(Data extracted from a collection)
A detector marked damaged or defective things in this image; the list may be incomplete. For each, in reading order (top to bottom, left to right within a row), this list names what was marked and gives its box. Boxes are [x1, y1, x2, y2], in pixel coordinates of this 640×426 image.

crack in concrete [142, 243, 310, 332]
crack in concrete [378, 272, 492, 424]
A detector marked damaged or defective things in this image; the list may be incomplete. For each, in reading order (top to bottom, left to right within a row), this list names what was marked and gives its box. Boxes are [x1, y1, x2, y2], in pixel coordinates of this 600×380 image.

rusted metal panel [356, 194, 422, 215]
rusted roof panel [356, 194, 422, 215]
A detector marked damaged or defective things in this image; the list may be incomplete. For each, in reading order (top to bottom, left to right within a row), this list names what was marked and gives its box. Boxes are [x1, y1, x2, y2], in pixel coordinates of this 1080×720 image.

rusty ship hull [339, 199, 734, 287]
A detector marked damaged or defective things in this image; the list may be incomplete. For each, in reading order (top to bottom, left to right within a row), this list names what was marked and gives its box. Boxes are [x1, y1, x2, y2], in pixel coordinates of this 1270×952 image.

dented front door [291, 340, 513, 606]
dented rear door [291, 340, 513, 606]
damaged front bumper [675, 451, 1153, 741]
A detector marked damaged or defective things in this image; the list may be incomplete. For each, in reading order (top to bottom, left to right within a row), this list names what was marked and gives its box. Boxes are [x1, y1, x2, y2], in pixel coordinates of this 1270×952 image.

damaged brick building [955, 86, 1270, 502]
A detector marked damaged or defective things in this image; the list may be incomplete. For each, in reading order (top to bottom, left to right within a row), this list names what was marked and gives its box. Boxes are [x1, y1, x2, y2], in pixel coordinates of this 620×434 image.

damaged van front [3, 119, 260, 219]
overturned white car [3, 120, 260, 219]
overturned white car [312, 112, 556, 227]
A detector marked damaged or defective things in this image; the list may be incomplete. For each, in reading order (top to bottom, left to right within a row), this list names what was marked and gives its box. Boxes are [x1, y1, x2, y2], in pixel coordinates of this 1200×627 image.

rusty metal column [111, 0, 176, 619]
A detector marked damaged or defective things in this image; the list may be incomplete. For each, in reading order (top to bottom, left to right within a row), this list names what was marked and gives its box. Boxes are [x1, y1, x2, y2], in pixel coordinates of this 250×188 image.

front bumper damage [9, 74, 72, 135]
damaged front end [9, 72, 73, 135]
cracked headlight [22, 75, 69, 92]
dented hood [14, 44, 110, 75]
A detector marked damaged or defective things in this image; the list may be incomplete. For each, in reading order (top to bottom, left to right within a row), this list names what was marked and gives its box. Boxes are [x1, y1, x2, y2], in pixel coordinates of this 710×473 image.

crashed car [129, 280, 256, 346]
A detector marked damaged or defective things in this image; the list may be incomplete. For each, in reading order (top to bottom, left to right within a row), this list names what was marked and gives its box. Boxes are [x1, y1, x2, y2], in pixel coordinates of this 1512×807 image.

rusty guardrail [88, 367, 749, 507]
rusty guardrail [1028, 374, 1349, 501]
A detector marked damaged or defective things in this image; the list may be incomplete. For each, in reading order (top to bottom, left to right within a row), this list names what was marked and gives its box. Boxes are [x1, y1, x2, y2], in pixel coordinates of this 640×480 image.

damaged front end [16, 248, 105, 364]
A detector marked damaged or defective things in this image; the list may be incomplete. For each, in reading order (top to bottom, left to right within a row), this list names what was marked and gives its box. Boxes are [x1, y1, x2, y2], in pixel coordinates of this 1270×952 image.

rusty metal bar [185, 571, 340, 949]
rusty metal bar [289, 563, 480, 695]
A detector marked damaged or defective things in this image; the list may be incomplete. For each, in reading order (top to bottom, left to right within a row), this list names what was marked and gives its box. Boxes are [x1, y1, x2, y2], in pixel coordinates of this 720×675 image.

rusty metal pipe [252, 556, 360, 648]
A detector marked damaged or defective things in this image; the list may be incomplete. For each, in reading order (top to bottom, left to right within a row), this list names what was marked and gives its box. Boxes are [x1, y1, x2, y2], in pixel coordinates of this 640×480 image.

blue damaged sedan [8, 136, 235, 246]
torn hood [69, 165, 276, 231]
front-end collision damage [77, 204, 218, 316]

What you are asked to do: Please output the entries above, every line exactly as it reads.

Answer area:
A detector marked damaged or defective things in this image; the list may be incomplete. For each, in reading order (top to bottom, left to right within a row), this list names what was marked and gives its box. Boxes are [x1, y1, x2, y2], in pixel coordinates of this 640×426 image.

crack in concrete [142, 243, 310, 332]
crack in concrete [378, 272, 492, 424]
A detector marked damaged or defective things in this image; the list may be incomplete. For each, in reading order (top to bottom, left to right within a row), this list names what was marked and gives its box. Boxes are [x1, y1, x2, y2], in pixel coordinates of this 600×380 image.

rusted metal panel [356, 194, 422, 215]
rusted roof panel [356, 194, 422, 215]
A detector marked damaged or defective things in this image; the list may be incomplete. For each, in reading order (top to bottom, left to right within a row), this list names what was marked and gives its box. Boxes are [x1, y1, x2, y2], in pixel coordinates of this 1080×720 image.

rusty ship hull [339, 199, 734, 287]
A detector marked damaged or defective things in this image; the list may be incomplete. For each, in reading order (top to bottom, left to right within a row), this list names what was marked and gives its box. Boxes are [x1, y1, x2, y2], in pixel coordinates of this 1270×952 image.

dented front door [291, 340, 513, 606]
dented rear door [291, 340, 513, 606]
damaged front bumper [675, 451, 1153, 741]
A detector marked damaged or defective things in this image; the list may be incomplete. For each, in reading order (top to bottom, left to right within a row), this list names what was marked and gives its box. Boxes are [x1, y1, x2, y2], in pixel coordinates of this 1270×952 image.

damaged brick building [955, 86, 1270, 502]
A detector marked damaged or defective things in this image; the list may be incomplete. For each, in reading order (top to bottom, left to right within a row), this list names what was marked and gives its box. Boxes are [x1, y1, x2, y2], in pixel coordinates of this 620×434 image.

damaged van front [3, 119, 260, 219]
overturned white car [3, 120, 260, 219]
overturned white car [312, 112, 556, 227]
A detector marked damaged or defective things in this image; the list may be incomplete. For each, in reading order (top to bottom, left to right within a row), this list names what was marked and gives its box. Boxes are [x1, y1, x2, y2], in pixel coordinates of this 1200×627 image.

rusty metal column [111, 0, 176, 619]
A detector marked damaged or defective things in this image; the list may be incomplete. For each, in reading order (top to bottom, left to right within a row), this list names what was marked and gives its box. Boxes are [x1, y1, x2, y2], in pixel coordinates of this 250×188 image.

front bumper damage [9, 74, 72, 135]
damaged front end [9, 72, 73, 135]
cracked headlight [22, 75, 69, 92]
dented hood [14, 44, 110, 75]
A detector marked damaged or defective things in this image; the list may be incomplete. For each, in reading order (top to bottom, left to right within a row), this list names what was marked and gives its box. Boxes are [x1, y1, x2, y2], in pixel coordinates of this 710×473 image.

crashed car [129, 280, 256, 346]
A detector marked damaged or defective things in this image; the list may be incomplete. For each, in reading order (top to bottom, left to right within a row), this list names what was marked and gives its box. Boxes are [x1, y1, x2, y2], in pixel coordinates of this 1512×807 image.

rusty guardrail [88, 367, 749, 507]
rusty guardrail [1028, 374, 1349, 501]
A detector marked damaged or defective things in this image; the list may be incomplete. For each, in reading order (top to bottom, left to right within a row), this list names what was marked and gives its box. Boxes are [x1, y1, x2, y2], in pixel coordinates of this 640×480 image.

damaged front end [16, 248, 105, 364]
A detector marked damaged or defective things in this image; the list may be incomplete. For each, in reading order (top to bottom, left to right within a row), this list names what was marked and gives its box. Boxes are [x1, y1, x2, y2], in pixel coordinates of this 1270×952 image.

rusty metal bar [185, 571, 340, 949]
rusty metal bar [289, 563, 480, 695]
A detector marked damaged or defective things in this image; the list may be incomplete. For each, in reading order (top to bottom, left to right within a row), this list names what was marked and gives its box. Boxes are [x1, y1, x2, y2], in pixel coordinates of this 720×675 image.

rusty metal pipe [252, 556, 360, 648]
A detector marked damaged or defective things in this image; the list may be incomplete. For each, in reading order (top to bottom, left to right within a row), this list names what was marked and gives its box. Boxes are [x1, y1, x2, y2], in pixel coordinates of this 640×480 image.

blue damaged sedan [8, 136, 235, 246]
torn hood [69, 165, 276, 231]
front-end collision damage [77, 204, 218, 316]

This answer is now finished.